For any American who has ever watched television on one of the traditional broadcast networks, seven particular dirty words have always been conspicuously absent. Confusingly, on cable, these seven words may all occur in quick succession on one show. When one of them does make it to air on a broadcast network, it often becomes the source of a fine from the Federal Communications Commission and years of litigation. A recent case resulted in a huge victory for broadcasters. In the 2012 holding of FCC v. Fox Television Stations, Inc., the Supreme Court required the FCC to eliminate its existing policy on how it regulated indecent content on the broadcast networks. The Court found the policy unconstitutionally vague because it did not put broadcasters on notice about what types of content were prohibited on television. The FCC has yet to issue a new regulation; this holding leaves the FCC with a gaping hole, but also an enormous opportunity.
An important reason the FCC has yet to act may be that the existing regulatory framework for indecent content on television has grown obsolete. The federal government’s ability to regulate the broadcast airwaves is based on the idea that the airwaves are a scarce resource. However, after the advent of cable and the digital transition, many see opportunities to access the airwaves as plentiful, not scarce. Part of the Court’s holding in Fox was that the government does still have the power to regulate the broadcast networks. However, it would be wise for the FCC to think about television in a more modern context when making its new regulations.
The American government need only look across the pond for guidance on how to structure a modern regulatory scheme for indecent content on television. In the 2003 Communications Act, the United Kingdom empowered its Office of Communications, the U.K. equivalent of the FCC, to create a strong and coherent Broadcasting Code to take U.K. television regulation into the modern era. The code it promulgated is a happy medium that can satisfy all interested parties, which would be an excellent model to emulate in the United States. The U.K. Broadcasting Code regulates all networks equally and has flexible content regulations, but sets important limits about content during the hours when children are most likely to be watching.

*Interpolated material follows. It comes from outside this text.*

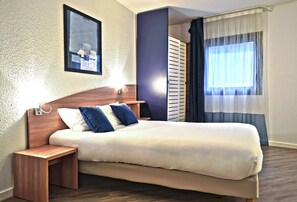 A neatly arranged hotel room with a large bed, bedside tables, a framed picture on the wall, and a window with curtains. - Art Hotel Paris Est (Pantin)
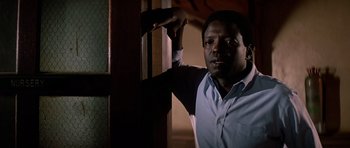 Movie still from “Prince of Darkness” (1987), directed by John Carpenter – A man leaning against a wall in a dark room; Close Up shot, Low angle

Creating a regulatory model like this for the United States would be a vast improvement over its current model with its different rules for different types of broadcasting. A new U.S. model that mimics the U.K. Broadcasting Code would be much clearer than the old FCC policy and would much more likely survive a potential vagueness analysis by the Court in the future. The suggestions outlined in this Note advocate a cohesive scheme that will end the bifurcated regulatory system that has persisted despite a changing industry and culture.